Supplied material →
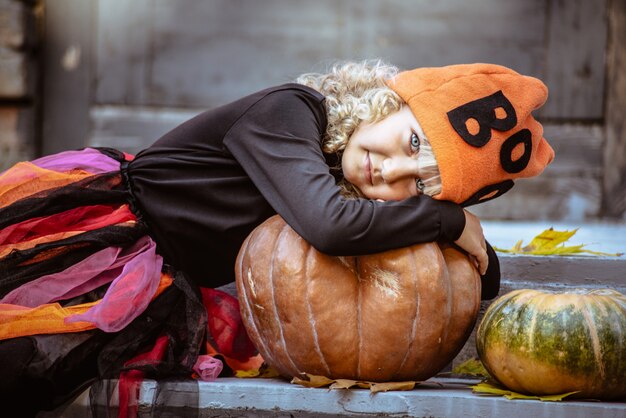 Niña en traje de bruja celebrar Halloween al aire libre y divertirse.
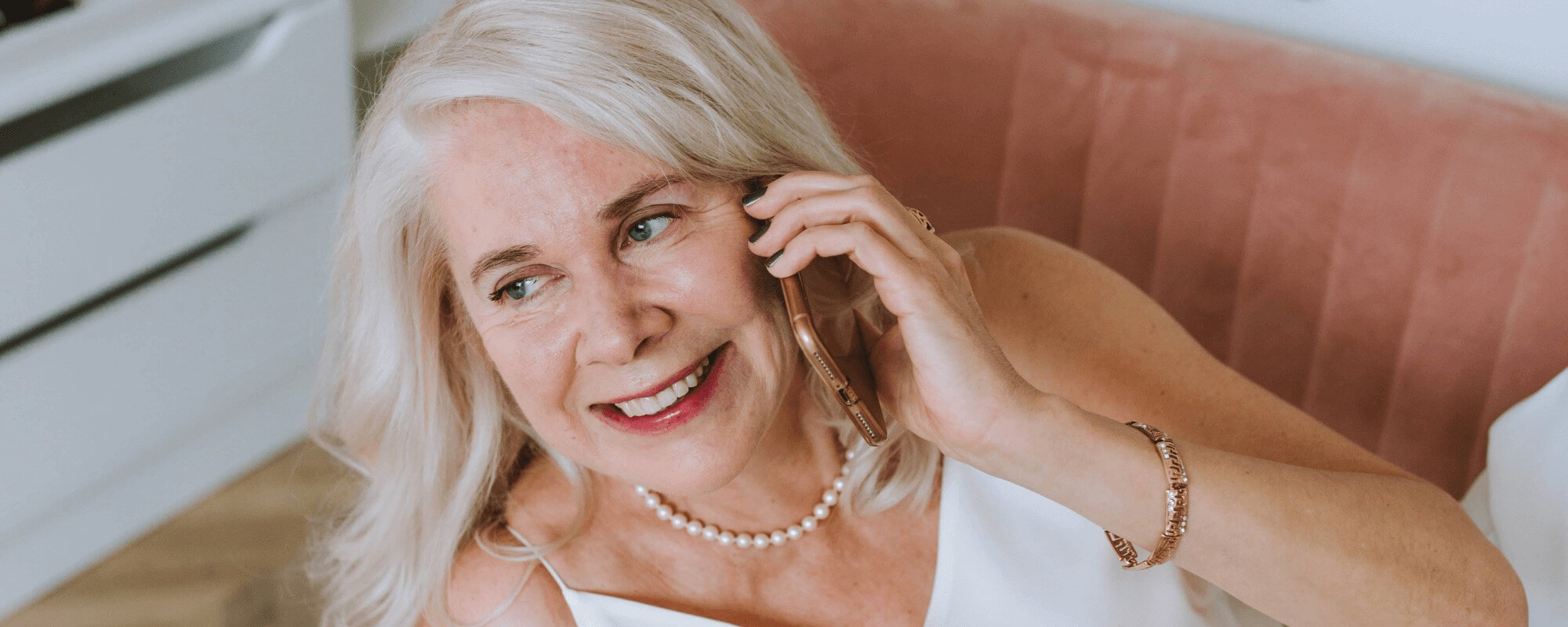 A woman with dental implants smiling towards the camera, showing her new white and straight smile.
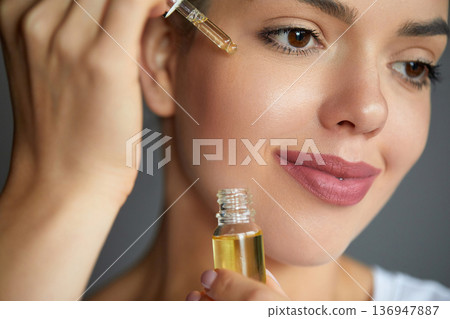 Skin Care. Woman Applying Essential Oil With Dropper On Face. Natural Cosmetic Product For Hydrated, Glowing And Healthy Facial Derma. Portrait Of Beauty Model With Perfect Skin 136947887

Work request → Print the data again, word for word, without any pictures.

Task output →
 Niña en traje de bruja celebrar Halloween al aire libre y divertirse.
 A woman with dental implants smiling towards the camera, showing her new white and straight smile.
 Skin Care. Woman Applying Essential Oil With Dropper On Face. Natural Cosmetic Product For Hydrated, Glowing And Healthy Facial Derma. Portrait Of Beauty Model With Perfect Skin 136947887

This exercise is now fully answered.